Ксендз обратился к установленной процедуре, которую распечатал заранее на листик. Он тоже подготовился к встрече. Проинформировал меня, что нельзя получить апостасию в тот же самый день, когда проводилась первая беседа. Он признал, что главной целью является удержание потенциального вероотступника среди других ягнят стада. Я понимал это, но все равно не понимал, как можно смотреть на мир так однобоко: все для него было либо белое, либо черное. Каждый раз, когда он бросал слова из разряда «добро», «зло» или «грех», у меня было такое впечатление, что он говорит о какой-то далекой галактике. До моего оппонента не доходило, что могут существовать люди, которые смотрят на мир иначе. Тем не менее атмосфера была спокойной, иногда даже шутливой.
Какие аргументы он приводил?
Утверждал, например, что что-то в этом должно быть, если люди две тысячи лет верят в Христа и придерживаются католической доктрины. Я отвечал ему, что у меня есть друг друид, который придерживается традиции, более древней, чем христианство, и чувствует себя прекрасно. И что? Мы все должны принять веру кельтов?
Священник признал, что ты прав?
Себе под нос буркнул, что его предупреждали, что с этим Дарским не будет никакого сладу, что я хитрый зверь. Но он не поддавался, переубеждал, иногда серьезно, иногда в шутку. Я отбивал подачи, но в основном улыбался и благосклонно кивал. Потому что апостасию я получил уже давно, в сердце. В конце концов, пастору надоел этот пинг-понг и, посмотрев мне в глаза, он сказал: «Вот и встретились два упрямых осла». Он видел, что ни на что не повлияет, но, несмотря на это, все время повторял, что я должен еще раз подумать.
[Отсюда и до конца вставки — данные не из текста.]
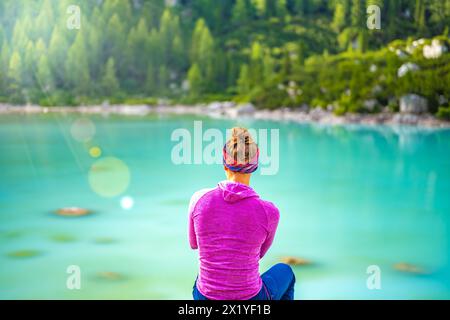 Descrizione: La donna siede su una grande roccia e gode del sole e della vista sul bellissimo lago turchese Sorapis nel pomeriggio. Lago Sorapis, Dolomiti, bel Foto Stock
Он надеялся на чудо. В конце добавил еще, что моя апостасия ничего не изменит, потому что крещение смыть нельзя… И что с того? Хотелось символически перерезать пуповину. Я предложил в скором времени встретиться, но он и слышать не хотел о таком коротком сроке, хотел дать мне время подумать… Мне его не требовалось. Я уперся, а он в конце концов сдался. Мы договорились созвониться через две недели.
Он поднял трубку?
Провидение следило за мной. Я позвонил ему одиннадцатого июня, на следующий день после моего тридцатипятилетия. Священник заговорил о футболе. Это был понедельник, а во вторник должен был состояться матч: Польша против России. Он спросил, какой результат я предвижу. Я ничего не понимаю в футболе и не люблю этот вид спорта, к тому же Нострадамус из меня никакой, но для всеобщего спокойствия я ответил, что нам всадят четыре против одного. Он предложил мне шуточное пари. Хотел, чтобы мы перенесли апостасию, если я промахнусь на три гола… Азартный игрок.